--- SUPPLIED RECORDS Enclosed Below ---

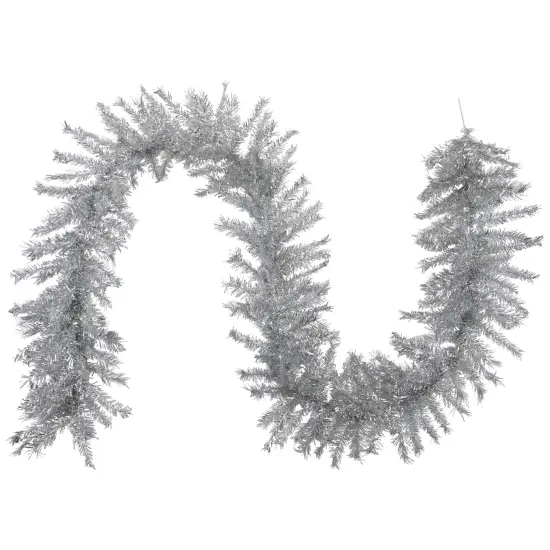 Northlight Metallic Tinsel Artificial Christmas Garland - 9' x 12" - Silver - Unlit {3}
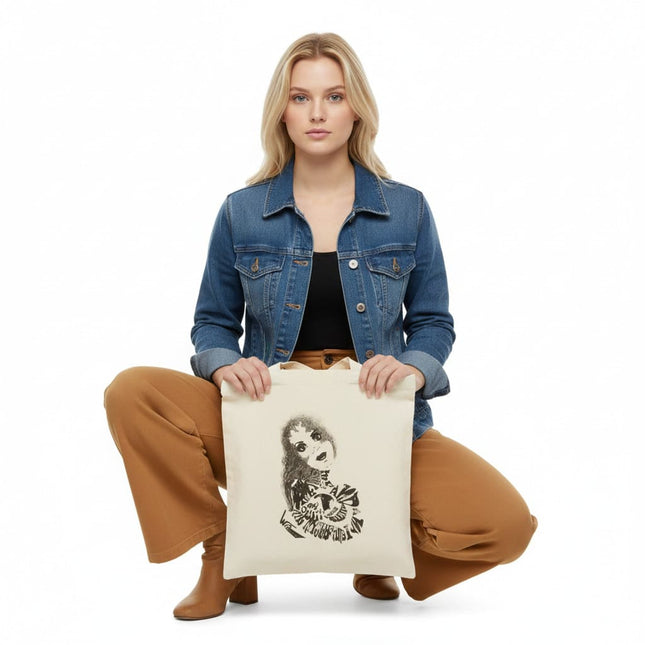 Tote bag femme imprimé Sasha Rebelle et ténébreuse noir et blanc - Design WO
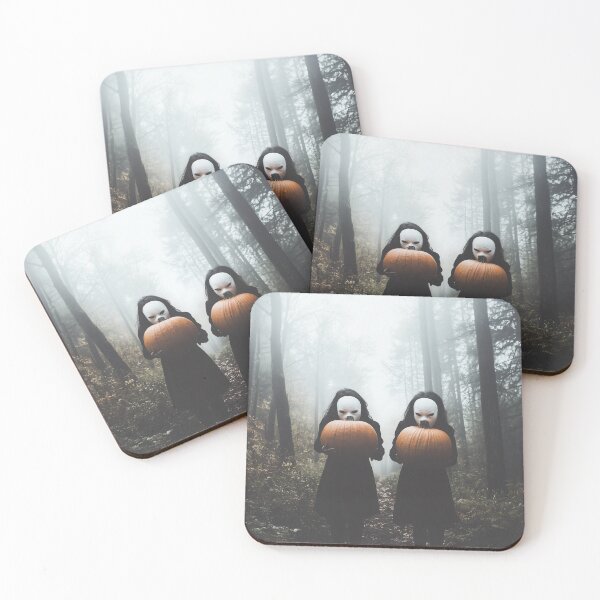 Item preview, Masked Figures Holding Pumpkins in a Foggy Forest designed and sold by landletsy.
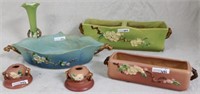 6 PCS. ROSEVILLE POTTERY, APPLE BLOSSOM, 368-8"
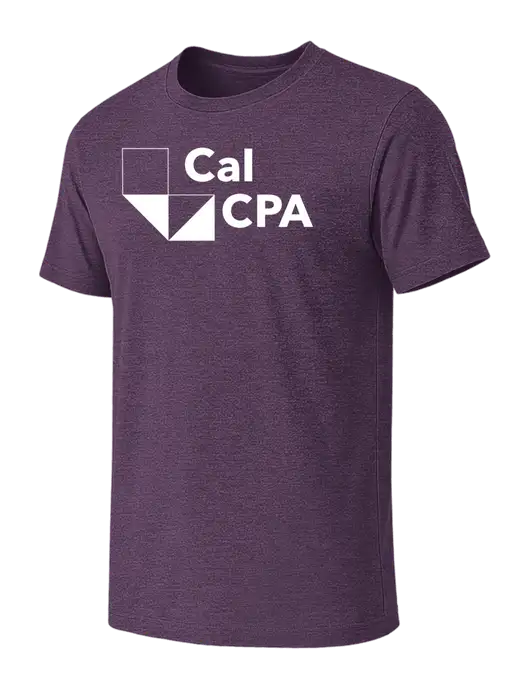 BELLA+CANVAS Heather Purple CVC Short Sleeve Tee w/CalCPA Logo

--- End of Enclosed SUPPLIED RECORDS ---

Leaving out the pictures, return exactly the lines from the one that contains "Tote bag femme" through the last line of the records above, inclusive.

 Tote bag femme imprimé Sasha Rebelle et ténébreuse noir et blanc - Design WO
 Item preview, Masked Figures Holding Pumpkins in a Foggy Forest designed and sold by landletsy.
 6 PCS. ROSEVILLE POTTERY, APPLE BLOSSOM, 368-8"
 BELLA+CANVAS Heather Purple CVC Short Sleeve Tee w/CalCPA Logo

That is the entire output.